When I write fiction in the future, I think I need to accept that my initial effort is basically going to be like a piece of alpha software. Good planning and thought can make it a very good alpha, but my focus should be to get it done so I have enough to work from. Many things in fiction writing only become apparent once you have the whole picture. ...
I can accept that fiction starts imperfect because of all its factors and charge ahead, admitting it won’t be perfect. It’s just that when the imperfect version is done, the perfect version follows more easily.
Steve and I actually debated this particular approach in the early stages of his writing the book. I was of the opinion that editing as you go was a bad idea, because it would interrupt that initial flow of things that needs to operate without censorship to be really effective.
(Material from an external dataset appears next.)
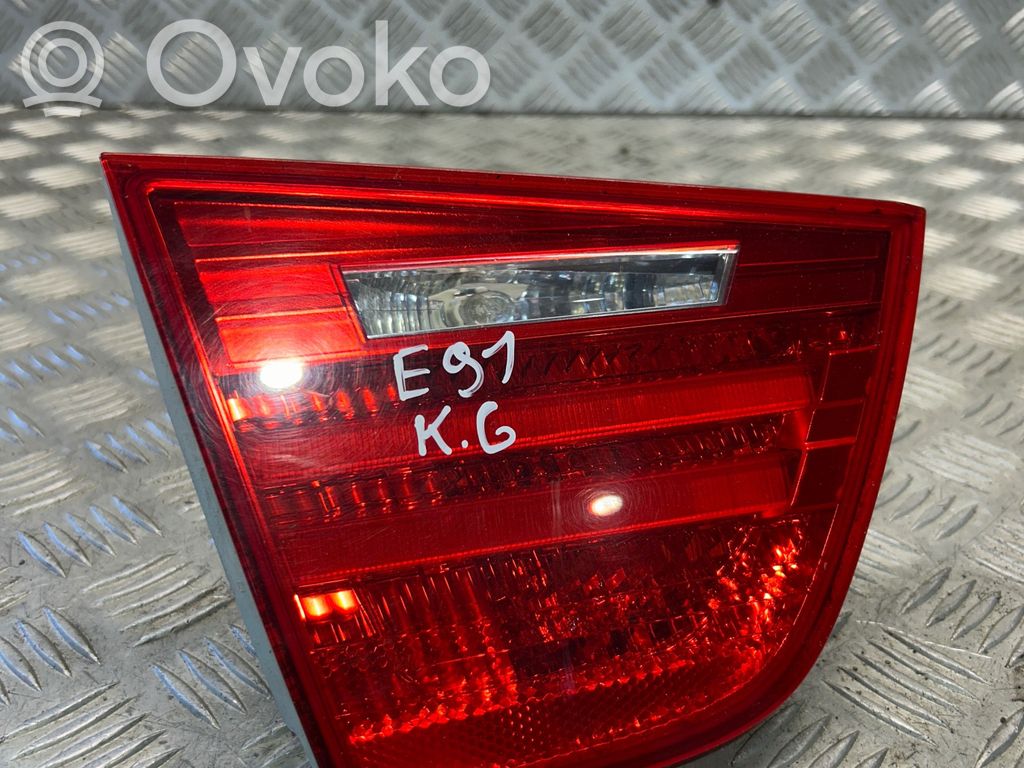 BMW 3 E90 E91 Galinis žibintas dangtyje 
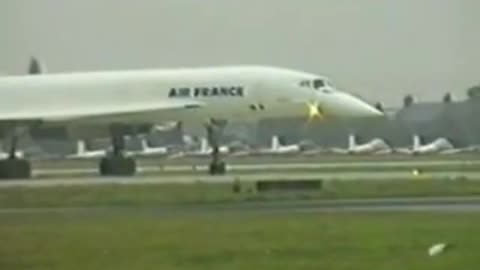 RAF Finningley AIrshow 1992 Air France Concorde Departing.avi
He wanted to give it a shot, and since I'm not his daddy (I don't even play it on TV), off he went. Now he realizes that was a bad idea.
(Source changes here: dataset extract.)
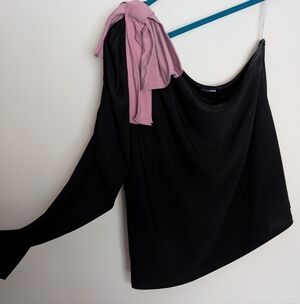 One Shoulder Black Shirt With Pink Bow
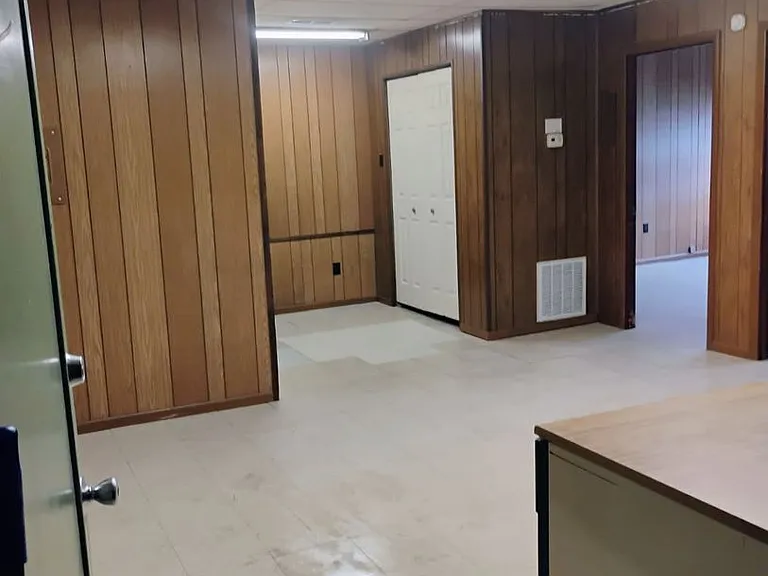 34 E Main St — Photo 17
I'm not citing all this to lord it over him, but rather to reflect on it as it happened in my own work as well.
Back when I was old enough to vote but not quite old enough to drink, I collaborated with someone on a writing project. The other person was about my age, and was still struggling with the idea that you needed to find exactly the right words, the first time, every time. I was of the mind that anything beat nothing, and that you had to start somewhere to be able to go somewhere. Very little ever came of this collaboration, as you can imagine.
It's easy to pooh-pooh perfectionism in others and not see it in yourself, though. With me, some of that takes the form of struggling with the embodiment of a particular idea in a story. There's some theme or issue that I want to write about, and I grind my teeth and chew the inside of my cheek because I can't find the right general type of story to put it into. The end result is the same kind of perfectionism of the unattainable, and it takes me a while to loosen up my grip and accept that it's okay to take more than one stab at the concept — that you can even produce multiple works that are various attempts at same, each with their own individual merits that might not be visible when you're in the grip of just trying to make things Perfect.
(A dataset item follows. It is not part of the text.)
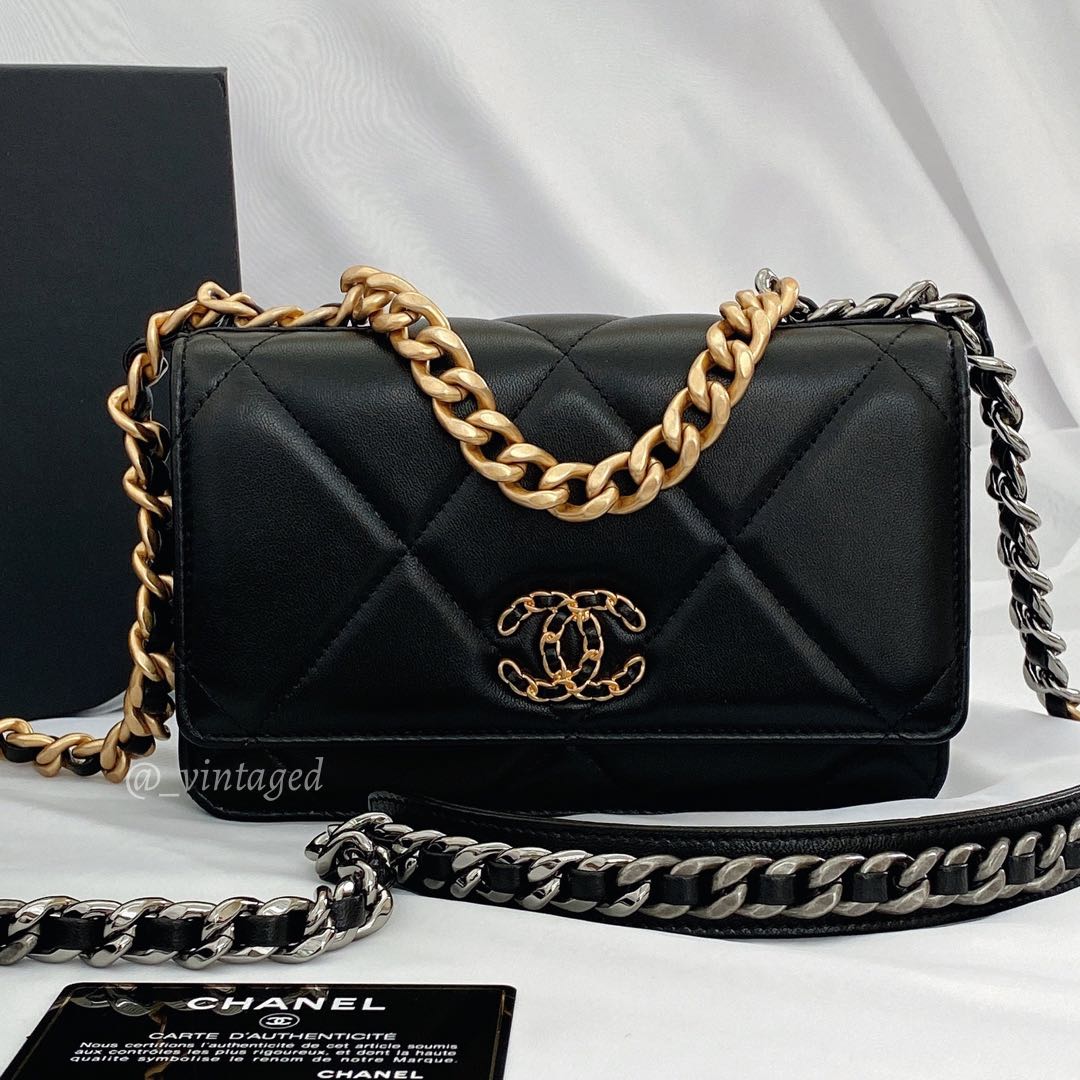 chanel 19 wallet on chain price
Another thing that comes to mind on reading Steve's notes is that the process itself can also feel like perfectionism. Incremental editing and refining stops being about trying to make the work better and more about a kind of virtue performance to one's self: See, I care so much about this work, because I'm willing to re-read and re-edit it as I go along. But more often than not, that just produces work that's lifeless and edited to death.
There's this romantic idea that a piece of creative work has to be forged in total silence and secrecy — that the author has to go into his cave and hibernate for months and emerge with a masterpiece from the head of Zeus. But the opposite of that is no more true — the idea that creative work can be made a totally public endeavor. Or that the complementary opposite of raw inspiration fed to the page in one go is white-glove meticulousness for every word. There was no extreme sickness here; extreme remedies aren't needed.
Many of the old aphorisms about creative work come to mind, chief among them that creative work is never finished, just abandoned. Every finished work is necessarily tentative, a step in a greater direction that in some ways can only be continued by others. These limitations don't constitute a prison, but rather a runway; we need that narrow, straight strip to build up enough momentum that we might be borne aloft. If only for a little while.